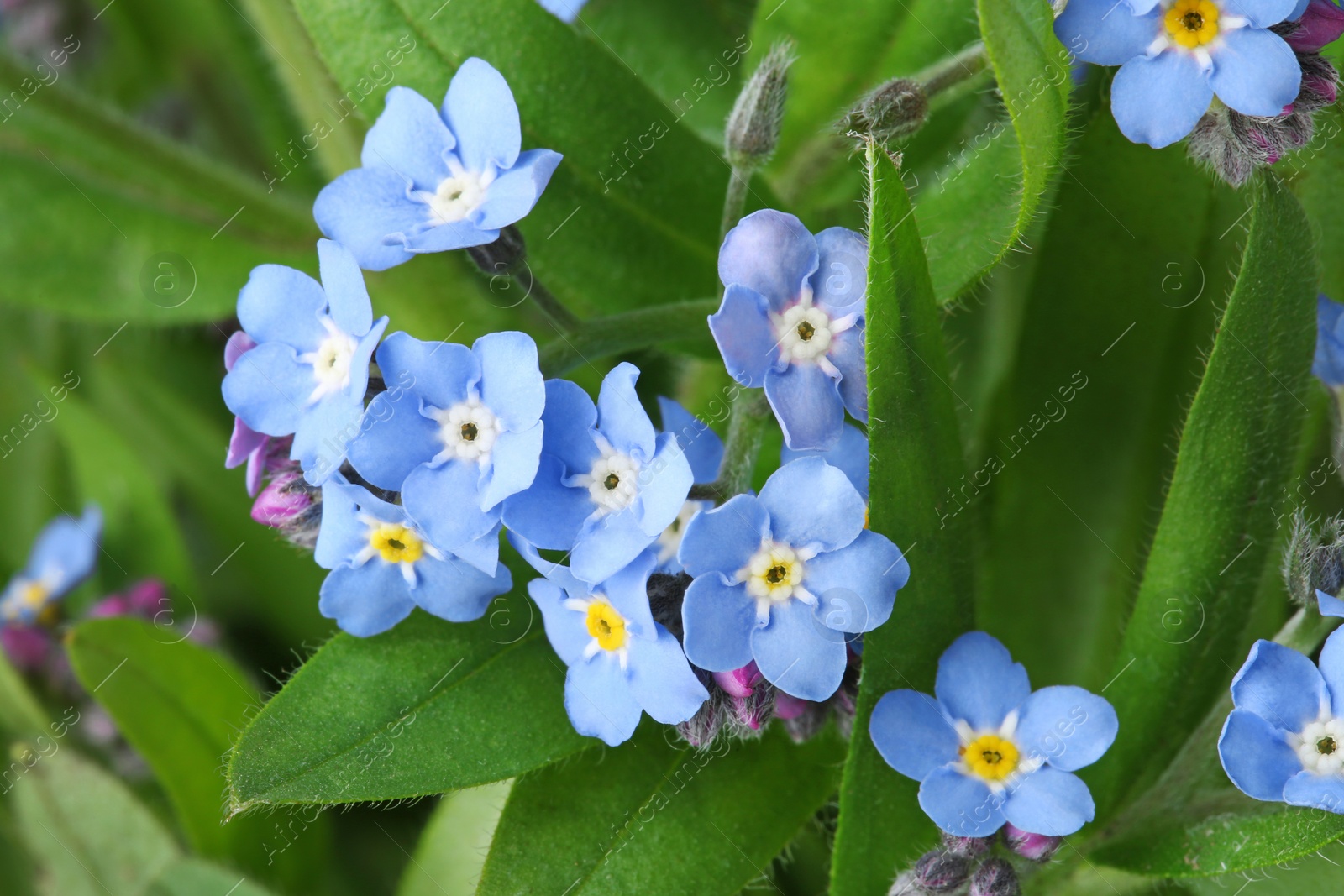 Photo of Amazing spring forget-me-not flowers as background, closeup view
+---+
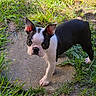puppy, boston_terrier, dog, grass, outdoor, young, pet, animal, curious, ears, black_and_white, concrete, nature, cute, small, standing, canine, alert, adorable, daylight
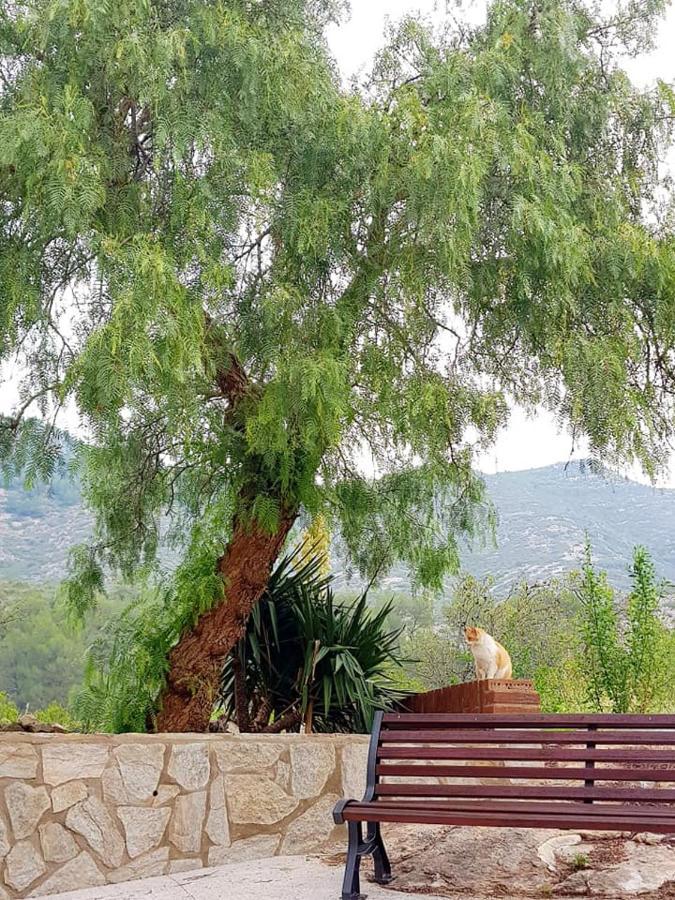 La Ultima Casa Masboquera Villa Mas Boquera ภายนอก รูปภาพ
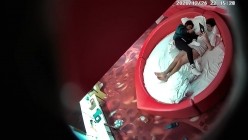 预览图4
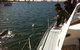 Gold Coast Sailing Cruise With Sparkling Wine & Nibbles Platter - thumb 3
+---+
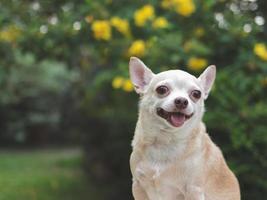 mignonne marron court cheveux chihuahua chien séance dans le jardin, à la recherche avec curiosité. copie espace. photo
+---+
Leaving all pictures out, output exactly the lines of the material above from the line with "La Ultima Casa" to the line with "Gold Coast Sailing", both included.

» **OUTPUT BELOW**
 La Ultima Casa Masboquera Villa Mas Boquera ภายนอก รูปภาพ
 预览图4
 Gold Coast Sailing Cruise With Sparkling Wine & Nibbles Platter - thumb 3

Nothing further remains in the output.